Question

Effect of different sample sizes on p-value

0

Entering edit mode

3.6 years ago

c_u ▴ 530

Hello,

I have created the following figure. enter image description here

I have a pretty significant p-value comparing the two groups. The two samples are basically just a list of numbers that are genome sizes. I am sure the high samples sizes has a role to play in how significant the p-value is. I have the following two questions, the second question being the main one -

Should I perform any kind of multiple correction here? I would think not, since I am doing just one test
Is it problematic that the two sample sizes are different? I know if one was 5 and the other 5000, that would not be a very powerful test, but in this case (or a case with similar numbers) would it lead to spurious p-values? If it would, I can take a random subsample from 'source 2' of 341 datapoints, to make them equal.

Thank you

statistics conceptual • 964 views

ADD COMMENT • link 3.6 years ago by c_u ▴ 530

score 2 · Answer 1 · 2021-08-18

The larger your sample size the more statistical power you will tend to have, meaning you can detect differences with smaller magnitudes.
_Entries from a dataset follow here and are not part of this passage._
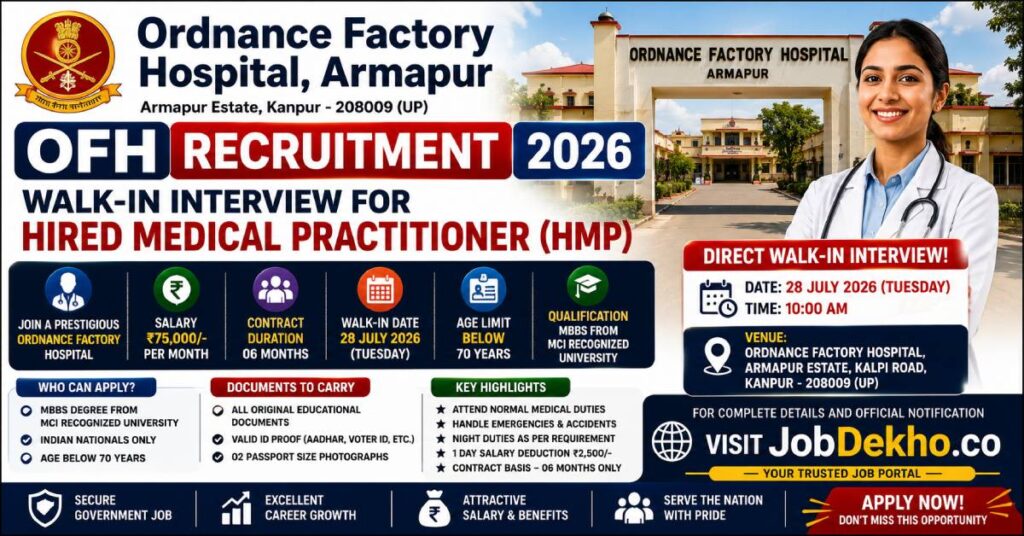 OFH Armapur Recruitment 2026 Walk-in for Medical Practitioner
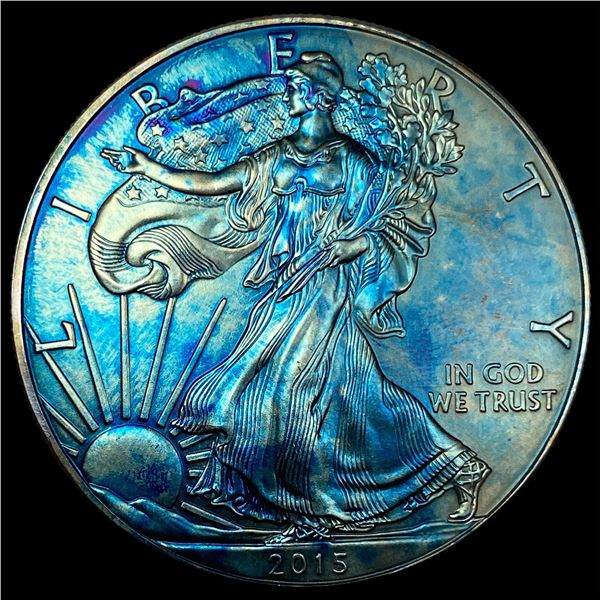 2015 Toned 1oz Silver American Eagle $1 GEM  BU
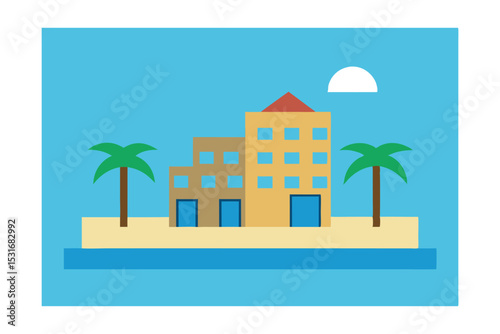 Tropical Beachfront Resort Island Paradise Buildings and Palms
The question you should ask alongside the calculation of a p-value is what magnitude difference is biologically meaningful. For example, if you have a significant p-value but an average difference in genome size of 1 kb I don't suspect that it's biologically interesting.

Going back to your test choice, your test should reflect the parameter that interests you the most. For example, a KS test is sensitive to distribution shape, so you could have the case of identical means but a significant p-value, the conclusion of which might not be terribly interesting or relevant to your question. Just make sure the test used is in line with your parameter of interest.